> **Dataset content**:
┄┄┄┄┄┄┄┄┄┄
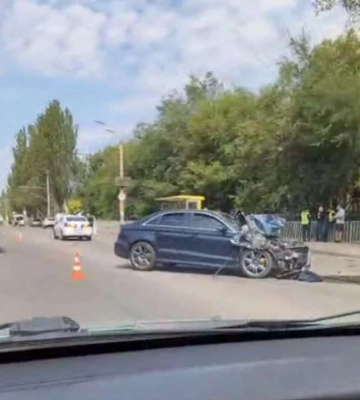 На Запорізькому шосе у Дніпрі маршрутка потрапила у потрійну ДТП: є постраждалі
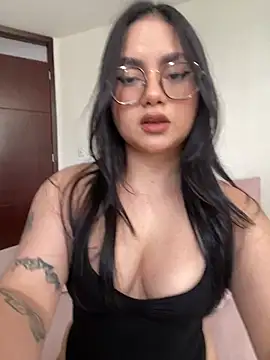 montmariana online show from July 9, 2026, 4:44 pm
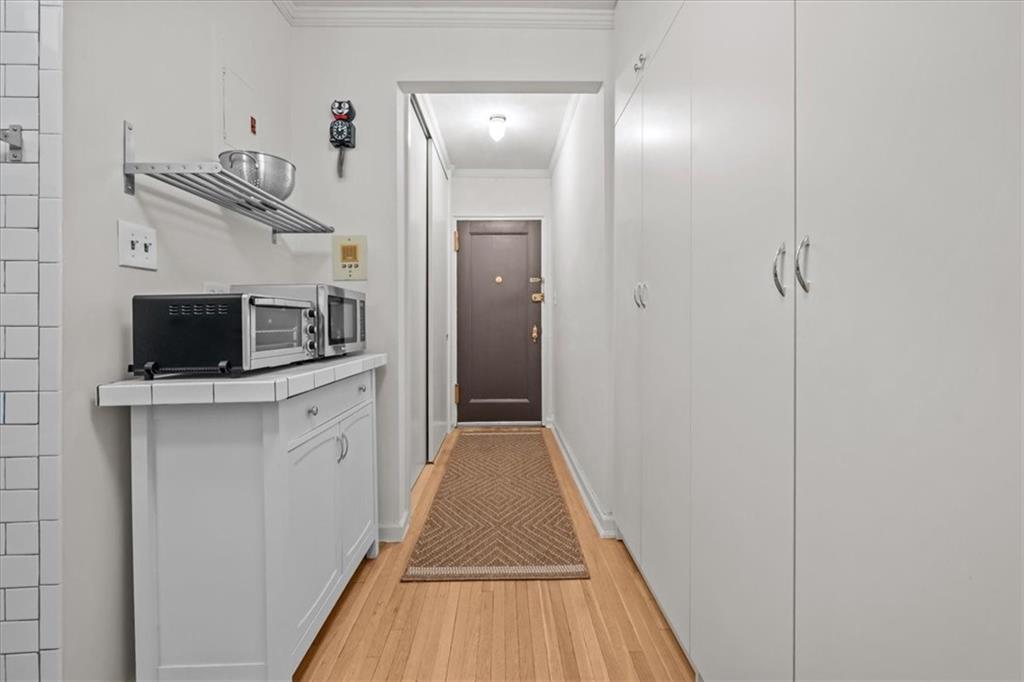 1125 Lorimer Street 2j Property Photo 3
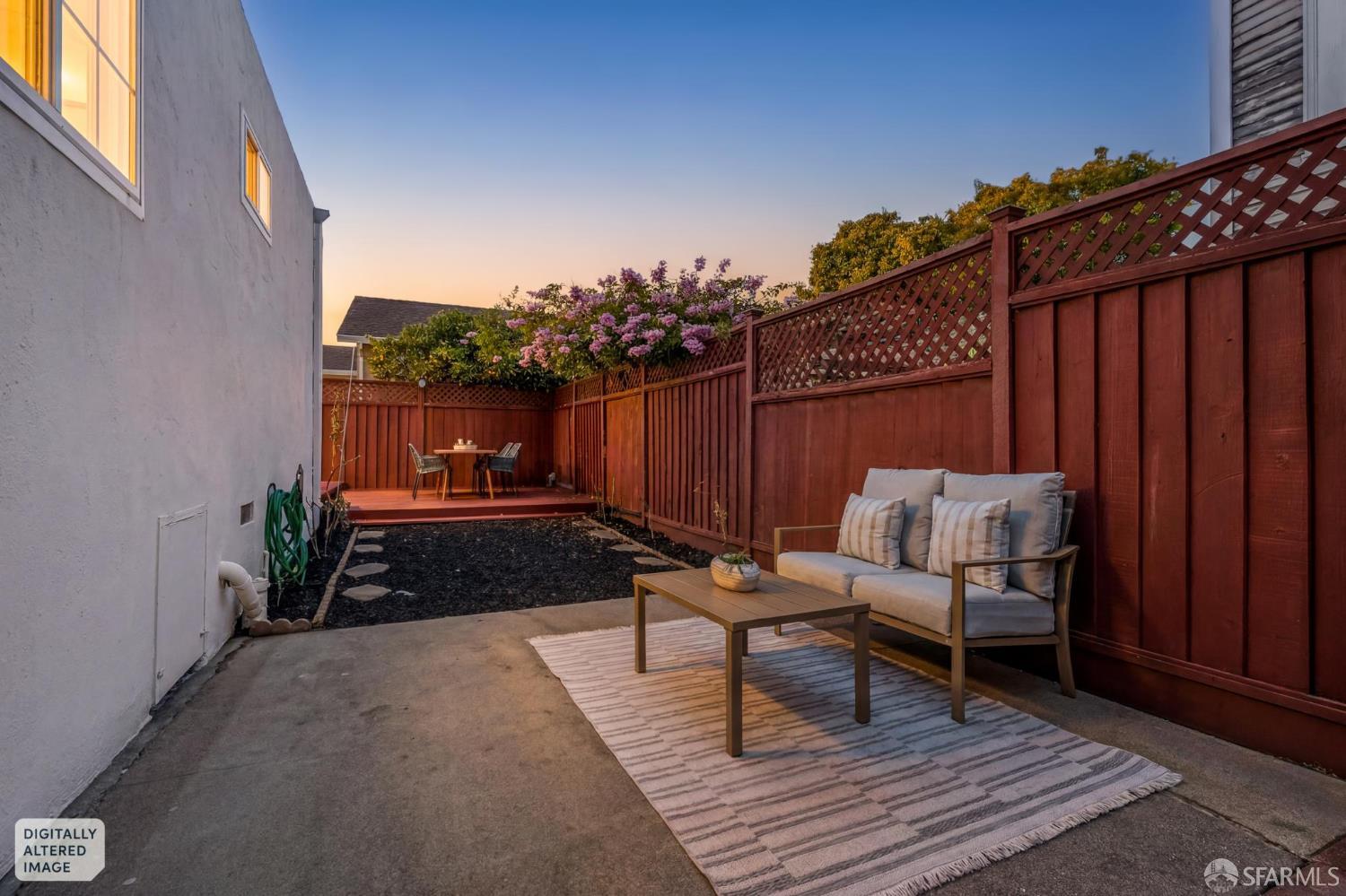 1121 Peach Street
┄┄┄┄┄┄┄┄┄┄
Please copy the data above exactly; the pictures do not belong in the copy.

> **Answer box**:
 На Запорізькому шосе у Дніпрі маршрутка потрапила у потрійну ДТП: є постраждалі
 montmariana online show from July 9, 2026, 4:44 pm
 1125 Lorimer Street 2j Property Photo 3
 1121 Peach Street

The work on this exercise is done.